Ghosts of America’s Past

After smoking a joint with Colonel George Washington, and drinking some ale with Ben Franklin, our two protagonists set off westward from Philadelphia (“a Heavenly city and crowded niche of Hell”) to create the boundary that today defines the border between Pennsylvania, Maryland, and Delaware.

“They saw Brutality enough, at the Cape of Good Hope. They can no better understand it now, than then. Something is eluding them. Whites in both places are become the very Savages of their own worst Dreams, far out of Measure to any Provocation.”

The colonialist tendencies mentioned above noticeably continue in this section, as they arrive just after the Paxton Massacre. Like the Herero genocide in V. and Gravity’s Rainbow, it makes for uncomfortable reading, even if our main characters aren’t actively involved in these travesties. When Dixon wonders (absentmindedly) to a group of Native Americans if they are in any danger in America, a Mohawk chief responds: “‘Yes of course you are in danger. Your Heart beats? You live here?’ gesturing all ‘round. ‘Danger in every moment.’”

Throughout the novel, there’s also this constant examination of man-made and natural borders, and more importantly, the consequences as to when these artificial boundaries are imposed in our natural world; the biggest example of course is the Mason-Dixon line itself. This border separated the free northern states from the southern slave states, with consequences for years to come. M&D uses this example among others to ask us about the consequences as humans try to fight against the “natural order” of things, and I’m reminded of the concept of “desire paths,” where again, imposed boundaries are no match for human nature — this theme throughout the book was one of my favorites to think about.

“Mason groans. ‘Shall wise Doctors one day write History's assessment of the Good resulting from this Line, vis-à-vis the not-so-good?
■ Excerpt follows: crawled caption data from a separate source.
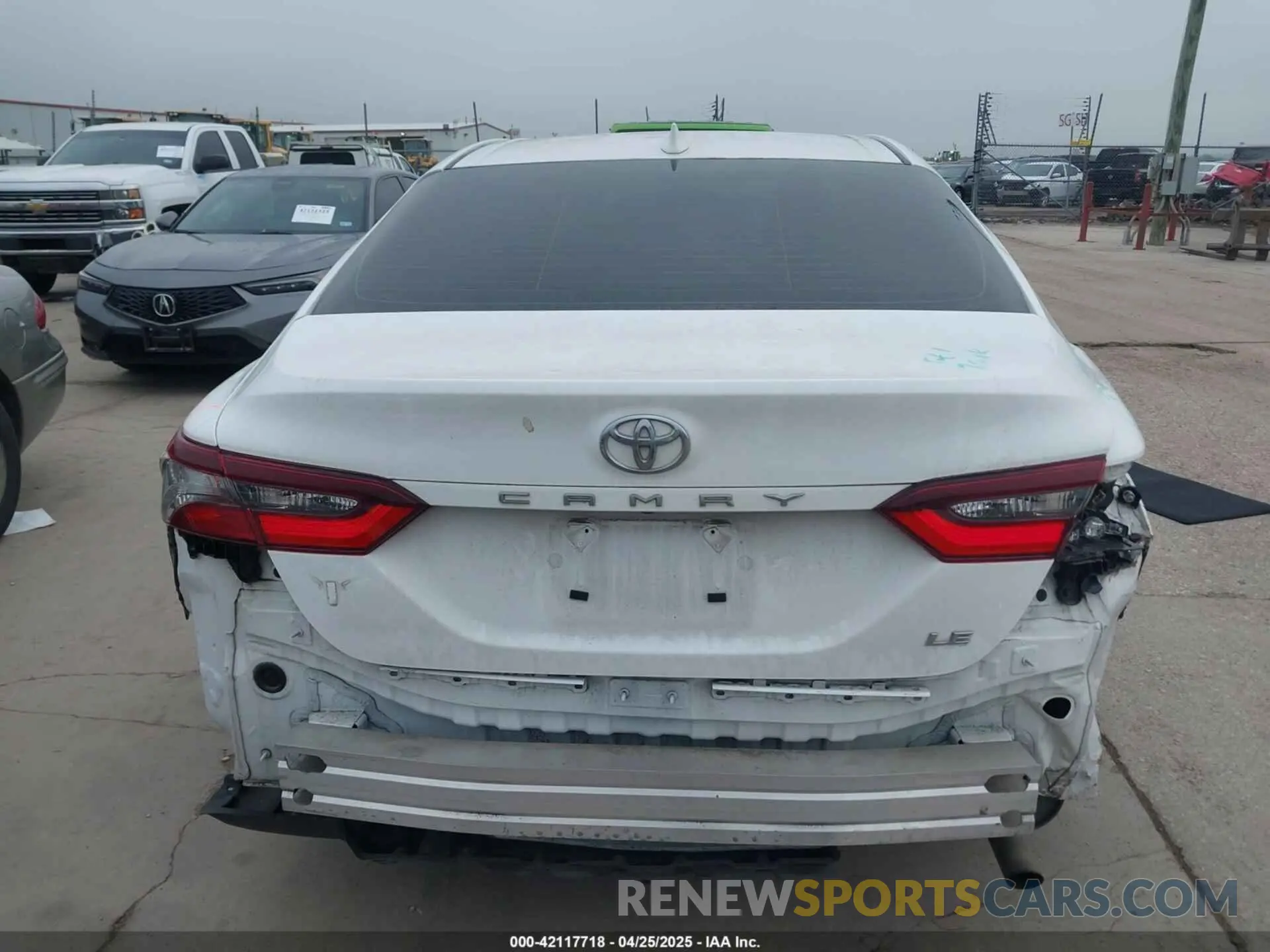 17 Photograph of a damaged car 4T1C11AK3NU651909 TOYOTA CAMRY 2022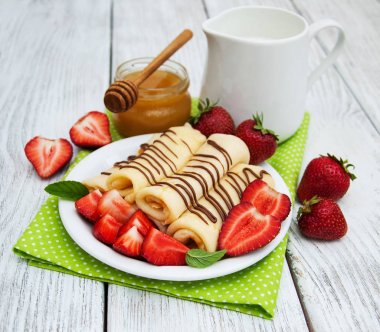 çilek ile Pancakes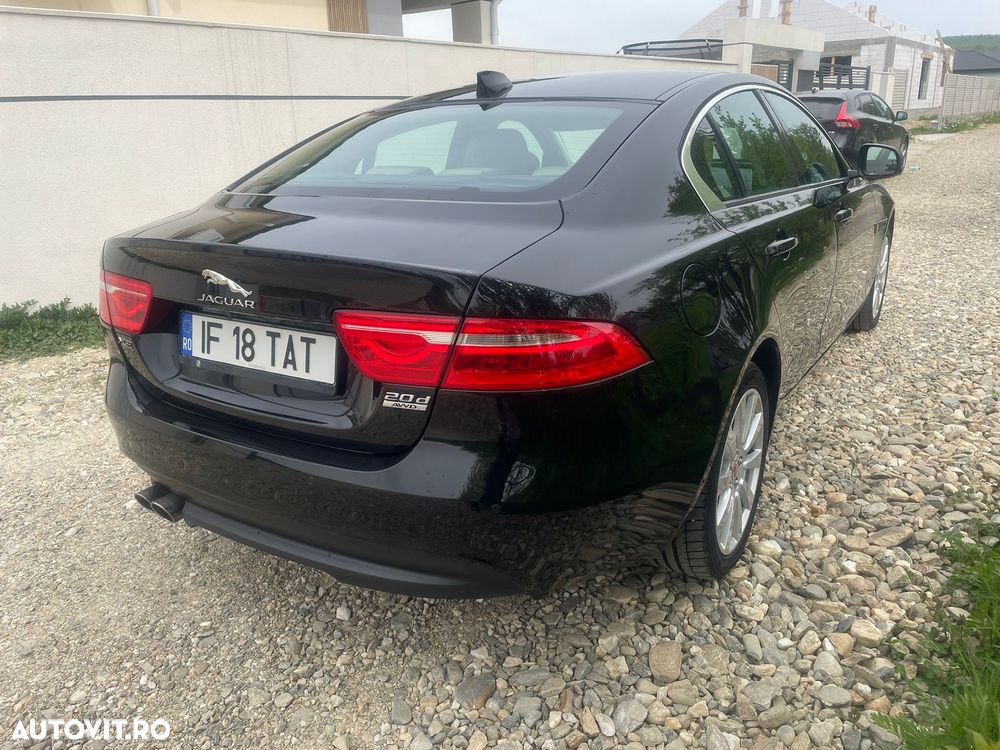 Jaguar XE 2.0 AWD Prestige - 4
I wonder which List will be longer.’”

Mystical Beings of Control

Much like history herself, this book is veiled in a fog of uncertainty, the narrative always slightly out of focus. And with this, we get to the theme that pervades throughout all of Pynchon’s work: control. But in an age where the highest form of technology is represented by John Harrison’s marine chronometer and a mechanical digesting duck , the “shadowy technocratic forces” that I’m used to seeing in Pynchon’s other books must resort to a more primitive means of control – and what was more controlling at the time than religion?

“If Chimes could whisper, if Melodies could pass away, and their Souls wander the Earth...if Ghosts danced at Ghost Ridottoes, 'twould require such Musick, Sentiment ever held back, ever at the Edge of breaking forth, in Fragments, as Glass breaks.”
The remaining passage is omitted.